-------- PROVIDED RECORDS --------
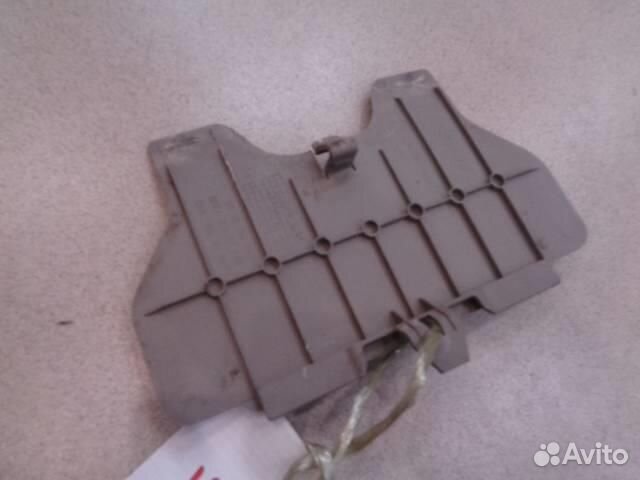 Накладка на полозья сидения салонного Volvo XC90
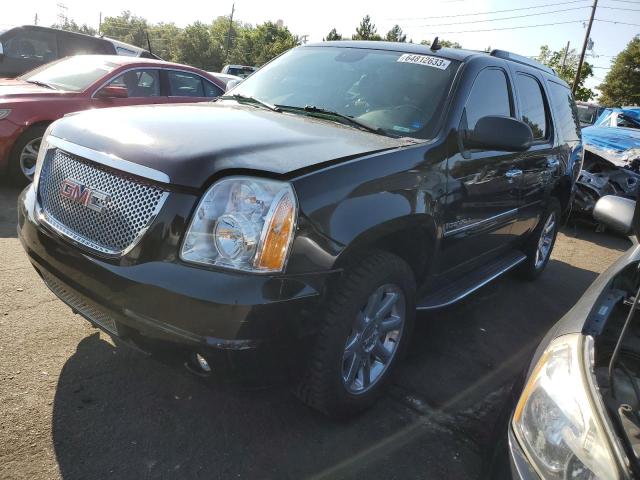 Photo 0 VIN: 1GKFK63877J272045 - GMC YUKON DENA 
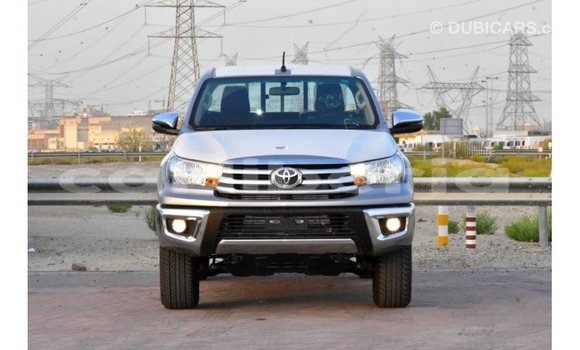 Buy Import Toyota Hilux Other Car in Import - Dubai in Bomi County Buy Import Toyota Hilux Other Car in Import - Dubai in Bomi County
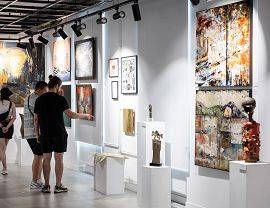 Biennale Sztuki Krośnieńskiej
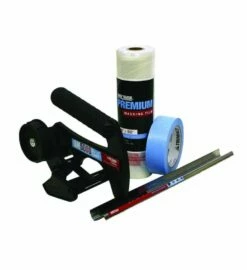 QM5000 Professional Masker Starter Kit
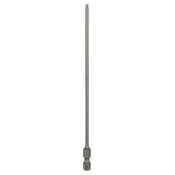 Bosch Nastavci za odvrtace Extra hard Torx® 2607001664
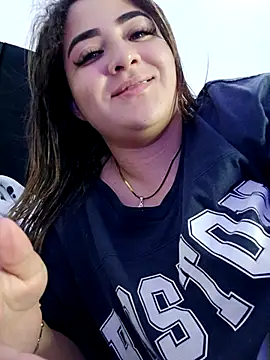 Snapshot of Liancy chatting on 12, 2, 2025 Liancy online show from 12, 2, 2025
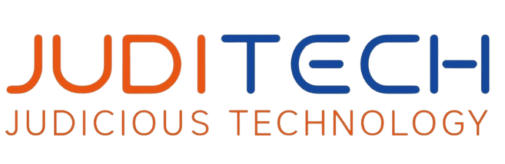 Juditech logo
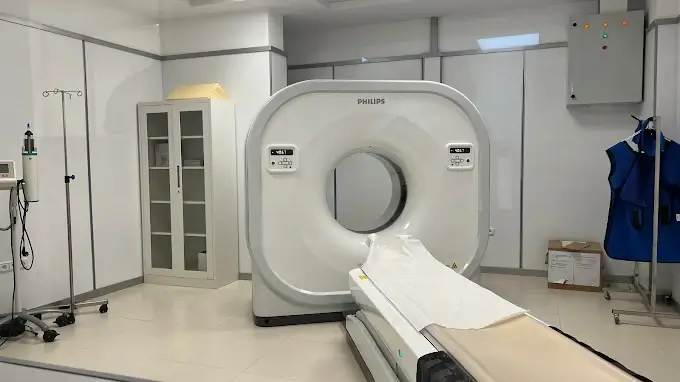 Centre de Radiologie Wifak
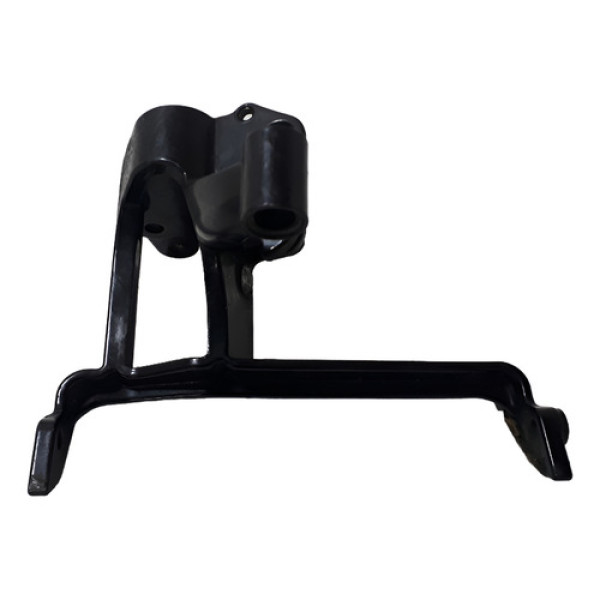 Suporte Plataforma Harley Softail 07/17 L/e Orig 58914 Preto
--------
**EXERCISE:** Give back the full listing verbatim, skipping each picture.

**ANSWER FOR THE TASK:**
 Накладка на полозья сидения салонного Volvo XC90
 Photo 0 VIN: 1GKFK63877J272045 - GMC YUKON DENA 
 Buy Import Toyota Hilux Other Car in Import - Dubai in Bomi County Buy Import Toyota Hilux Other Car in Import - Dubai in Bomi County
 Biennale Sztuki Krośnieńskiej
 QM5000 Professional Masker Starter Kit
 Bosch Nastavci za odvrtace Extra hard Torx® 2607001664
 Snapshot of Liancy chatting on 12, 2, 2025 Liancy online show from 12, 2, 2025
 Juditech logo
 Centre de Radiologie Wifak
 Suporte Plataforma Harley Softail 07/17 L/e Orig 58914 Preto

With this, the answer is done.